Still Doing Democracy!

Still Doing Democracy! Finding Common Ground and Acting for the Common Good

JoAnn McAllister and Jim Smith

The human heart is the first home of democracy. It is where we embrace our questions: Can we be equitable? Can we be generous? Can we listen with our whole beings, not just our minds, and offer our attention rather than our opinion?”     Terry Tempest Williams, 2004

We live in a contentious era when civility and civic life are diminished every day. Individuals coalesce into groups with distinct views of reality that are defended even when evidence to the contrary exists. If you are like us, you are concerned about the lack of dialogue and the hardening of opinion and may be asking: “How do I talk to family, friends, or neighbors who have different ideas about the social, political, or environmental challenges we face? How can I work with those who have different ideas about the meaning of the nation’s core values of equality, freedom, and liberty and the commitments ‘to form a more perfect union,’ and ‘promote the general Welfare’? Even though there have always been social and political struggles, some that ‘shook the foundations,’ there have also been times when the country was more united in the pursuit of these ideals. Why are we so divided now? How did we get this way? What creates such different beliefs and opinions? Can we find common ground with those who see the world from a different point of view? Are there some who benefit from this divisiveness? Can we confront those who seek to undermine our democracy? These are challenging questions. You are probably also asking: “How can I make a difference?” and “How do I start?” Still Doing Democracy! Finding Common Ground and Acting for the Common Good is our response to these questions.

We believe that we can make a difference. First, though, each of us needs to decide to participate because democracy is not won and done. The ‘perfect Union’ is created through the continuous engagement of the people, the “We the People’ of the Preamble to the Constitution – our national mission statement. We fulfill this responsibility by engaging with others in an ongoing conversation about what constitutes the ‘general Welfare.’ When the national dialogue about these commitments has broken down in previous eras people also retreated to their respective camps. And, the retreat then was, as well, energized and sustained by special interests that benefitted from division.
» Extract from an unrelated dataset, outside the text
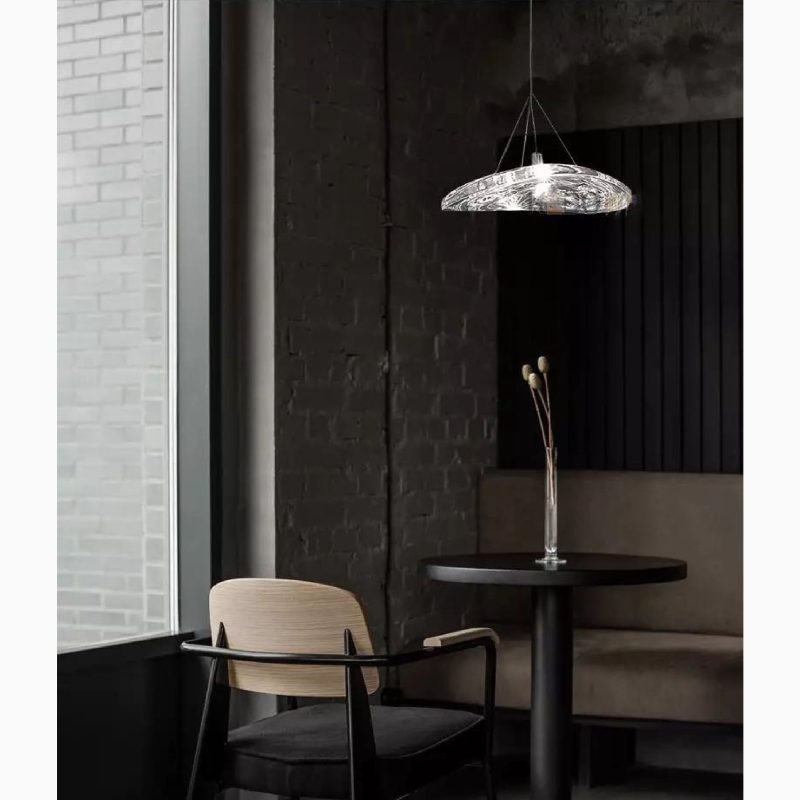 MIRODEMI® Adelboden | Silver Glass Stylish Chandelier For Dining Room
To overcome the current fragmentation of our bonds, many more of us need to re-engage in the work of democracy. We need to understand and strengthen relationships with those who share our perspectives and we need to understand  and seek to build bridges with those who have different perspectives. And, finally, we need to confront the forces that seek to divide us, if we are to create a more ‘perfect Union.’
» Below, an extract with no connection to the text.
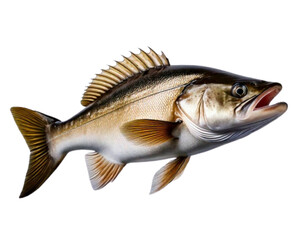 Obraz premium Realistic Atlantic Cod Fish Side Profile, isolated on transparent background”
We believe that each of us can talk to family, friends, neighbors, and colleagues and participate in conversations in the larger community about our different realities, our conflicting values, and, yet, work for ‘the general Welfare.’ Of course, such conversations require that participants be open to seeing the world from another point of view. First, it helps if we understand our own view of the world, what shaped it, and why it is so important that we often refuse to listen to others. Then, we need to listen to others and learn how their perspectives have been shaped by different backgrounds and contexts. In this exchange we may learn to appreciate how differences of class, race, gender, education, region, religion, and many other categories we use to identify ourselves are so hard to bridge. We will not be able to reconcile all perspectives, but we will discover common ground with many people. We also believe that we can challenge the groups whose philosophies, policies, and intentions undermine the values and commitments that are the core of our democracy.
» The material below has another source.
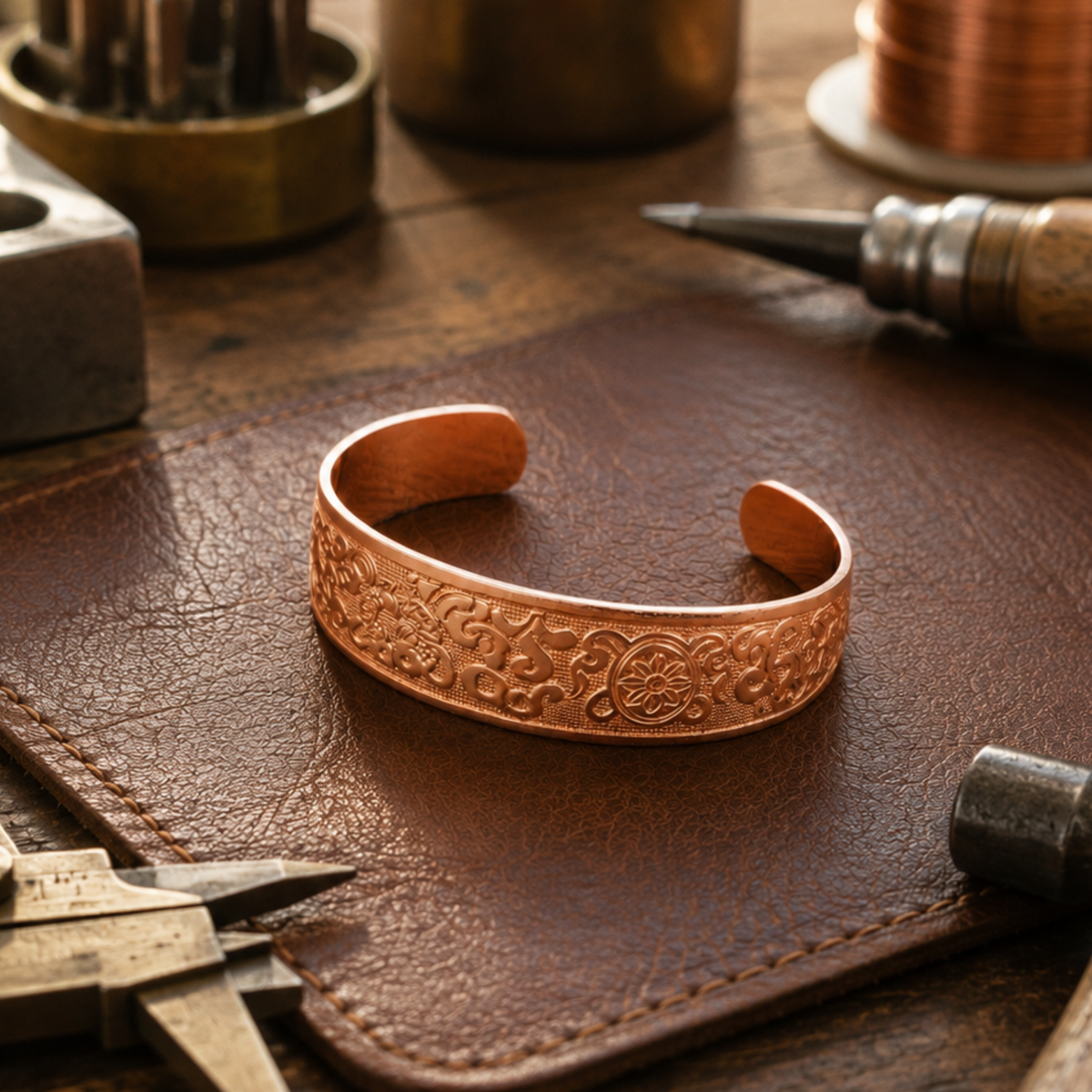 Della's Relic Copper Bracelet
Still Doing Democracy! Finding Common Ground and Acting for the Common Good is a guide to help you develop your own responses to difference and challenging the forces that divide us. It is a framework with practical tools to 1) understanding different perspectives and why they divide us, 2) learning to listen to and appreciate the diverse perspectives of others 3) analyzing the beliefs and strategies of individuals and organizations that seek to limit the power of the people and alienate us from one another, and 4) taking action for the common good. In developing this framework we have integrated insights from our studies in human behavior from the natural and social sciences. We also bring our work as educators and our engagement as social justice and environmental activists and advocates over several decades. We share a perspective distilled from our personal stories, too. As “blue collar” crossovers, attaining graduate degrees later in life, we are committed to taking what we have learned and applying it to the real world where our working-class families tried to live the ‘American Dream.’ We think our background brings the overlooked lens of class, that is, status based resources, education, and legacy, to the issues we discuss. We do not think our backgrounds mean we know the way ahead, but like others crossing borders we have learned to look both ways.